I definitely threw myself back into working out and lifting a little too enthusiastically. It turns out my brain is the worst person in the world for me to be working out with. I pushed myself too hard and convinced myself that I didn't need to take it slow. I'm tough. I can do this. I can't let these other girls beat me. They're GIRLS! Pssssh. I mean, I was able to out bench, deadlift, and out squat all of them WHILE I was in my first trimester. Now....they are all beyond where I was at that point and I'm the one starting over with the beginners. At least I didn't loose my form. I have great form.
So, back to my injury. My knee knocked me on my ass, mentally more than physically. I know what I'm capable of and now I have this nagging pain that says "Oooohhh...but ya can't." A talk with my trainer led to two devastating little words... "don't squat", and the mother of all bad words... "rest."
Rest. Right. That should be perfectly easy with a 6 mo old at home, working in a preschool, and trying to meet that new mom ideal of fitting back into all of my pre-pregnancy clothes 5 mos and 3 weeks ago. Plus, squatting is my absolute favorite lift. I could squat 8 days a week. It was also what I was best at. I was able to squat more than those upside-down-triangle-looking meatheads that can't put their arms down. It was my THING. Now my thing is broken.
I did what any normal person would do in this situation. I threw myself into benching and working on my upper body. After a few weeks my knee pain had subsided and I went to my trainer about squatting again. He suggested that I try front-squatting instead. I didn't understand how that would be any different and I HATED front-squatting. I had tried it before my injury and it just felt wrong. It was awkward at best; it left me with a bruised clavicle and really sore forearms. After my injury, however, I had no other choice but to embrace the front-squat and just deal with the awkwardness.
I was finally able to get back into the squat rack again. I was home.

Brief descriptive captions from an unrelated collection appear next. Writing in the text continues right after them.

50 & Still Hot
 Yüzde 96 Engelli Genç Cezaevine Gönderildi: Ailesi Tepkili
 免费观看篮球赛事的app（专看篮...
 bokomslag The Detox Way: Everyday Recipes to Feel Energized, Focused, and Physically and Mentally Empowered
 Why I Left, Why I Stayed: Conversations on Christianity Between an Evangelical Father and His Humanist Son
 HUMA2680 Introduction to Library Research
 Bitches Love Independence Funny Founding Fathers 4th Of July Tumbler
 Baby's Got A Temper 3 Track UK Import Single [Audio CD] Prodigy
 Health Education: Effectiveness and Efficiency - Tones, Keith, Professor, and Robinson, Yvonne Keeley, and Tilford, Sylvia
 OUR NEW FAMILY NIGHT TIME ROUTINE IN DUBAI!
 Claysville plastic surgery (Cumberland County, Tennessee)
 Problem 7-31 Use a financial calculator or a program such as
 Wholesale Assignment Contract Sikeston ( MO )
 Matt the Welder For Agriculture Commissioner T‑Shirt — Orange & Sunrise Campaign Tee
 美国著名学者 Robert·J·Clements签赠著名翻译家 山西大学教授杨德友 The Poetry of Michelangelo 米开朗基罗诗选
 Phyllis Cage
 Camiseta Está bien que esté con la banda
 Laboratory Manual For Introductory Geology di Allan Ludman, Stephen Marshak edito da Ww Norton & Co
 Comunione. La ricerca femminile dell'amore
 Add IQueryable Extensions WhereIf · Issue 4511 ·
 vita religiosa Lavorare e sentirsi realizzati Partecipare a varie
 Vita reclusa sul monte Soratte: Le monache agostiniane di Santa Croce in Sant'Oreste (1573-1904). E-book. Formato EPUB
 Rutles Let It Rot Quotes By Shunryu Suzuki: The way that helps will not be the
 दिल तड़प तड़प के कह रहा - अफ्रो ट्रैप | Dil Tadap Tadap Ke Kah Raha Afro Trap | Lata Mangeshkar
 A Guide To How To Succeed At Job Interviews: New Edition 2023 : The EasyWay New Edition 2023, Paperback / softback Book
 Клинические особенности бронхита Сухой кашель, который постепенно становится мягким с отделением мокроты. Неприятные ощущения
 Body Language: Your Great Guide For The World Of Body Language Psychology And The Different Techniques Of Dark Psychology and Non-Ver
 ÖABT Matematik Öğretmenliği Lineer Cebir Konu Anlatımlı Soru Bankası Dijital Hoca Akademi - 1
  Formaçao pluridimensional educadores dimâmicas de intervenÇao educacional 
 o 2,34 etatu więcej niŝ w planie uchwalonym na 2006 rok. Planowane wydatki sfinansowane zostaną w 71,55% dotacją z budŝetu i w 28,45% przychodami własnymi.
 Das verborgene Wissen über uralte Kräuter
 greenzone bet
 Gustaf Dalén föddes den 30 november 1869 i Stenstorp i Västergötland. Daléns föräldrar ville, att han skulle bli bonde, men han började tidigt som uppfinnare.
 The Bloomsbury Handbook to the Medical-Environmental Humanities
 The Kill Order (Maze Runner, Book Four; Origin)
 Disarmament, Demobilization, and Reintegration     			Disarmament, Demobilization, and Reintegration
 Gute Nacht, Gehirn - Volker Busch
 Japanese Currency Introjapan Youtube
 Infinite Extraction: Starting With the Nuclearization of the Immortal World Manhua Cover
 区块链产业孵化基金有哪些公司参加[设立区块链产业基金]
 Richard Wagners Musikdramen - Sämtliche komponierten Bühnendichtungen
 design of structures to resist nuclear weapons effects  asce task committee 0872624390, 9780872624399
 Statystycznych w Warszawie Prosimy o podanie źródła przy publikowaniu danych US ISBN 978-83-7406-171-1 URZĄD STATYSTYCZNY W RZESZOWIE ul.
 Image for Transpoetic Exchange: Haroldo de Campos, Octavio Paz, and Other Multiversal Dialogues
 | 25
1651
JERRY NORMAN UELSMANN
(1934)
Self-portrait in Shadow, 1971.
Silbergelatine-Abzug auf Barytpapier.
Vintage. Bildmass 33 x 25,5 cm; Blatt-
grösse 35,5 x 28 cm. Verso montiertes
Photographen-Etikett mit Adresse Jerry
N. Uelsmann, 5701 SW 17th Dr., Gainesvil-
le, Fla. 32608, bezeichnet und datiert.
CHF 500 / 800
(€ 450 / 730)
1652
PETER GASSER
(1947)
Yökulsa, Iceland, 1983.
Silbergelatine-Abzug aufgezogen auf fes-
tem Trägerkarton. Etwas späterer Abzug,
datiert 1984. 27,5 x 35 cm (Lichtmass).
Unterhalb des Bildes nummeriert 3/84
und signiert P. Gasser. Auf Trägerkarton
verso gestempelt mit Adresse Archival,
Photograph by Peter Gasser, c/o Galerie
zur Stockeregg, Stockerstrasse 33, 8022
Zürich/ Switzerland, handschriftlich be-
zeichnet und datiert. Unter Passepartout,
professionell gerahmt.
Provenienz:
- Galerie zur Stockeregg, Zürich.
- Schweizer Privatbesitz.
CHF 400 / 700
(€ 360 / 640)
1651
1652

I'm nowhere near the weight I was at for back-squatting but I feel amazing and I'm learning to work with my injuries and to listen to what my body needs. On a side note, I've been able to hit an all new high with benching. I may not be able to squat as much as I used to but I think I'm slowly becoming ok with that. This injury has forced me to branch out and not be afraid to push myself in other areas and to try new things. ...maybe a little rest time mixed in there as well.
I still have great form, by the way. I know you were wondering. Form is everything.